MRC Clinical Trials Unit at UCL, Institute of Clinical Trials and Methodology, 90 High Holborn, London, WC1V 6LJ, UK.
Trials. 2020 Apr 6;21(1):315. doi: 10.1186/s13063-020-4153-2.
The logrank test is routinely applied to design and analyse randomized controlled trials (RCTs) with time-to-event outcomes. Sample size and power calculations assume the treatment effect follows proportional hazards (PH). If the PH assumption is false, power is reduced and interpretation of the hazard ratio (HR) as the estimated treatment effect is compromised. Using statistical simulation, we investigated the type 1 error and power of the logrank (LR)test and eight alternatives. We aimed to identify test(s) that improve power with three types of non-proportional hazards (non-PH): early, late or near-PH treatment effects.
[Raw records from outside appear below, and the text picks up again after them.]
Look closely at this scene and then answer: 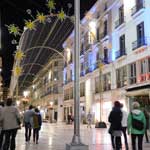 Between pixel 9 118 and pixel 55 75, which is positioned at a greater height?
pixel 55 75

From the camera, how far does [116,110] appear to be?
1243 cm

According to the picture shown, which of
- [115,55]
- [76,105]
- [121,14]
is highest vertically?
[121,14]

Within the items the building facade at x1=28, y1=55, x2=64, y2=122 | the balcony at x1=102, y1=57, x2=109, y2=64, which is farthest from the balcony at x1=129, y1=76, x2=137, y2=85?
the building facade at x1=28, y1=55, x2=64, y2=122

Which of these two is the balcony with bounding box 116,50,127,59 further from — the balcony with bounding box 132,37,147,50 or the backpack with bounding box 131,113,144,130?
the backpack with bounding box 131,113,144,130

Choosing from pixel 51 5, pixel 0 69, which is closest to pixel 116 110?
pixel 51 5

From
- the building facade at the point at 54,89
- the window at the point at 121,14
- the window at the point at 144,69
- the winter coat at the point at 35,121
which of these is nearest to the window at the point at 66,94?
the building facade at the point at 54,89

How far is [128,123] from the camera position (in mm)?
11297

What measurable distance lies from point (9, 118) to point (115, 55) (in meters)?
29.9

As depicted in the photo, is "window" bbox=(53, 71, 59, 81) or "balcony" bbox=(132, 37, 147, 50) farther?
"window" bbox=(53, 71, 59, 81)

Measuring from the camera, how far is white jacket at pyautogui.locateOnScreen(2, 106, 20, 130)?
11633mm

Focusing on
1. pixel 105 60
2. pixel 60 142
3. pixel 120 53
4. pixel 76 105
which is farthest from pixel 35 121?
pixel 105 60

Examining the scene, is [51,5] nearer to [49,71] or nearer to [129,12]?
[129,12]

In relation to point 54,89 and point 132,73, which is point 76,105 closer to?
point 132,73

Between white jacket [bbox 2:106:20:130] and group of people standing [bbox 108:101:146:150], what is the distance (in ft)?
9.52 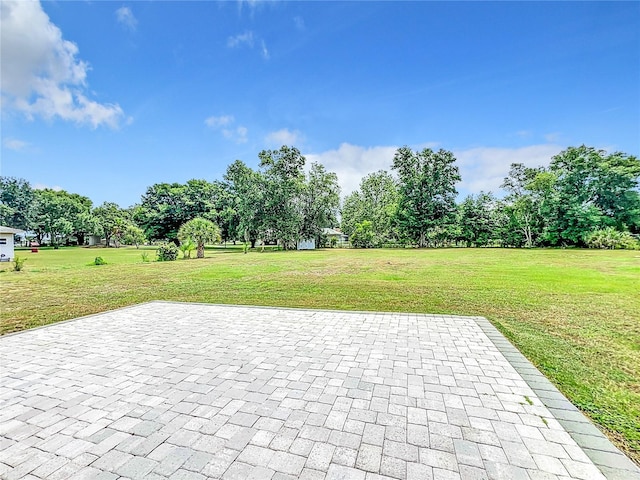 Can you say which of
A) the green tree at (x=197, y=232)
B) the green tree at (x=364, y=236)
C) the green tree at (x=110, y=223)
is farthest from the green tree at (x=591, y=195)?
the green tree at (x=110, y=223)

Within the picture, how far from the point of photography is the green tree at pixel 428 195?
3092 cm

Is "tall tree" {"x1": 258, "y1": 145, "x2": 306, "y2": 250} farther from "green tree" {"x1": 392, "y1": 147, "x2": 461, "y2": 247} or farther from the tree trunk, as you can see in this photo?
the tree trunk

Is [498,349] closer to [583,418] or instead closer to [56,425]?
[583,418]

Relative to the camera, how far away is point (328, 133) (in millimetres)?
22625

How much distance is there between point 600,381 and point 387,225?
3369cm

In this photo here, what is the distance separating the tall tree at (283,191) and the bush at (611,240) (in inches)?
992

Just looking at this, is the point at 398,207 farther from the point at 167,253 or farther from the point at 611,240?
the point at 167,253

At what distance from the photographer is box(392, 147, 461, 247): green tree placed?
1217 inches

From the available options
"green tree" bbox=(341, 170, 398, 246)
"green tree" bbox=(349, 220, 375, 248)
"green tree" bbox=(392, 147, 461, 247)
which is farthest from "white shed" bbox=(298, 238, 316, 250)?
"green tree" bbox=(392, 147, 461, 247)

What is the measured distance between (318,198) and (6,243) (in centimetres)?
2307

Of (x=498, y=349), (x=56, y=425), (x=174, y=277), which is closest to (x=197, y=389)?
(x=56, y=425)

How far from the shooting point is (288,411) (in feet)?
7.14

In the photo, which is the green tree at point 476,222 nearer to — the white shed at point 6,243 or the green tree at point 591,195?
the green tree at point 591,195

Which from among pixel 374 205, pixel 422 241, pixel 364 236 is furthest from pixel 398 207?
pixel 374 205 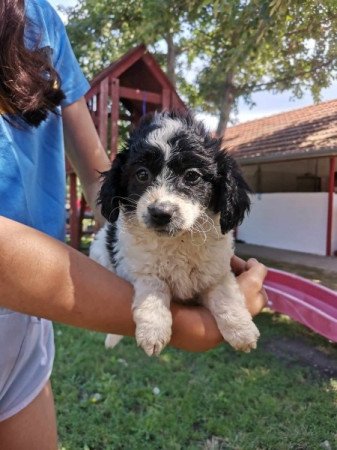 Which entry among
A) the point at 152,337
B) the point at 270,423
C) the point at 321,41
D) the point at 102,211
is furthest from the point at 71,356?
the point at 321,41

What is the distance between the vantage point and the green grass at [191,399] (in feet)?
10.2

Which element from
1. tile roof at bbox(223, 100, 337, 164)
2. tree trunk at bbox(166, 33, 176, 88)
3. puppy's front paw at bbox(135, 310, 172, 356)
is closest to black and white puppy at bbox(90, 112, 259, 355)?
puppy's front paw at bbox(135, 310, 172, 356)

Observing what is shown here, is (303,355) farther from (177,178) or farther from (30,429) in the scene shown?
(30,429)

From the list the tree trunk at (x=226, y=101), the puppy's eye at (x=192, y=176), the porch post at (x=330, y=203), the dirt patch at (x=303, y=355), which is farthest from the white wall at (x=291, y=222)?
the puppy's eye at (x=192, y=176)

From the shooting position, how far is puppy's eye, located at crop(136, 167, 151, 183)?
6.40 ft

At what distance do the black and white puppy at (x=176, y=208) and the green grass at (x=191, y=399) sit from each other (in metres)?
1.72

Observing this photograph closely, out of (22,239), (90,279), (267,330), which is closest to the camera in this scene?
(22,239)

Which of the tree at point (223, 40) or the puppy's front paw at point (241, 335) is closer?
the puppy's front paw at point (241, 335)

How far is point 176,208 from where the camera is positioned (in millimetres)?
1788

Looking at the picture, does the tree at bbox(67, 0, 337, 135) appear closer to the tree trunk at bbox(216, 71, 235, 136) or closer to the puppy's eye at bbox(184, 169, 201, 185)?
the tree trunk at bbox(216, 71, 235, 136)

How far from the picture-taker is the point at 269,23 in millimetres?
3025

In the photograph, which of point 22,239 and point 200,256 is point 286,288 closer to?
point 200,256

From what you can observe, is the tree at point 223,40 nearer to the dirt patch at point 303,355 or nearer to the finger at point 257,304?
the finger at point 257,304

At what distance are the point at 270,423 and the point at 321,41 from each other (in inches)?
106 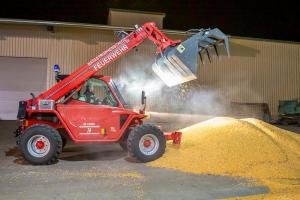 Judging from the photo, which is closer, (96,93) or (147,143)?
(147,143)

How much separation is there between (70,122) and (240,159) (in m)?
4.29

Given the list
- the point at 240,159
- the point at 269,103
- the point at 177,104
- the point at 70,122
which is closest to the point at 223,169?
the point at 240,159

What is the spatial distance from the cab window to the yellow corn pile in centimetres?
209

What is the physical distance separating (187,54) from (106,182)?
4.05 metres

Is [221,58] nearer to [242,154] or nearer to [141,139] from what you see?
[242,154]

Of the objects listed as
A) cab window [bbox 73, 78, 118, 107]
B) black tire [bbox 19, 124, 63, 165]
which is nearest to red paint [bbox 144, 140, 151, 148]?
cab window [bbox 73, 78, 118, 107]

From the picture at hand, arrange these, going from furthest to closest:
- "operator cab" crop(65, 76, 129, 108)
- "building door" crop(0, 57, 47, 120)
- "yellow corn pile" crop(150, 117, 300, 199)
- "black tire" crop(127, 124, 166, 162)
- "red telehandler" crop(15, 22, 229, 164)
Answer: "building door" crop(0, 57, 47, 120)
"operator cab" crop(65, 76, 129, 108)
"black tire" crop(127, 124, 166, 162)
"red telehandler" crop(15, 22, 229, 164)
"yellow corn pile" crop(150, 117, 300, 199)

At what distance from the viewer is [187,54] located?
10.7 meters

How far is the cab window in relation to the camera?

We investigated weighted logrank tests (early, LRE; late, LRL), the supremum logrank test (SupLR) and composite tests (joint, J; combined, C; weighted combined, WC; versatile and modified versatile weighted logrank, VWLR, VWLR2) with two or more components. Weighted logrank tests are intended to be sensitive to particular non-PH patterns. Composite tests attempt to improve power across a wider range of non-PH patterns. Using extensive simulations based on real trials, we studied test size and power under PH and under simple departures from PH comprising pointwise constant HRs with a single change point at various follow-up times. We systematically investigated the influence of high or low control-arm event rates on power.
With no preconceived type of treatment effect, the preferred test is VWLR2. Expecting an early effect, tests with acceptable power are SupLR, C, VWLR2, J, LRE and WC. Expecting a late effect, acceptable tests are LRL, VWLR, VWLR2, WC and J. Under near-PH, acceptable tests are LR, LRE, VWLR, C, VWLR2 and SupLR. Type 1 error was well controlled for all tests, showing only minor deviations from the nominal 5%. The location of the HR change point relative to the cumulative proportion of control-arm events considerably affected power.
Assuming ignorance of the likely treatment effect, the best choice is VWLR2. Several non-standard tests performed well when the correct type of treatment effect was assumed. A low control-arm event rate reduced the power of weighted logrank tests targeting early effects. Test size was generally well controlled. Further investigation of test characteristics with different types of non-proportional hazards of the treatment effect is warranted.
对数秩检验常用于设计和分析具有时间事件结局的随机对照试验(RCT)。样本量和功效计算假设治疗效果遵循比例风险(PH)。如果 PH 假设不成立,则功效降低,并且危害比(HR)作为估计治疗效果的解释受到影响。本研究通过统计模拟,比较了对数秩(LR)检验和八种替代检验在处理三种非比例风险(非 PH)时的Ⅰ类错误和功效,旨在寻找提高具有早期、晚期或接近 PH 治疗效果的非 PH 类型功效的检验。
我们研究了加权对数秩检验(早期,LRE;晚期,LRL)、最大对数秩检验(SupLR)和复合检验(联合,J;联合,C;加权联合,WC;通用和改良通用加权对数秩,VWLR,VWLR2),它们都有两个或多个组成部分。加权对数秩检验旨在对特定的非 PH 模式敏感。复合检验试图在更广泛的非 PH 模式范围内提高功效。我们基于真实试验进行了广泛的模拟研究,研究了 PH 下和简单的 PH 偏离下(包括在不同随访时间点具有单一变化点的恒 HR)的检验效能和功效。我们系统地研究了高或低对照组事件率对功效的影响。
在没有先验治疗效果类型的情况下,首选检验是 VWLR2。如果预期有早期效果,可接受功效的检验是 SupLR、C、VWLR2、J、LRE 和 WC。如果预期有晚期效果,可接受的检验是 LRL、VWLR、VWLR2、WC 和 J。在接近 PH 情况下,可接受的检验是 LR、LRE、VWLR、C、VWLR2 和 SupLR。所有检验的Ⅰ类错误均得到很好的控制,仅显示出与名义 5%的轻微偏差。HR 变化点相对于对照组事件累积比例的位置极大地影响了功效。
在不知道可能的治疗效果的情况下,最好的选择是 VWLR2。当假设正确的治疗效果类型时,几种非标准检验表现良好。低对照组事件率降低了针对早期效果的加权对数秩检验的功效。检验效能通常得到很好的控制。需要进一步研究不同类型的治疗效果非比例风险的检验特征。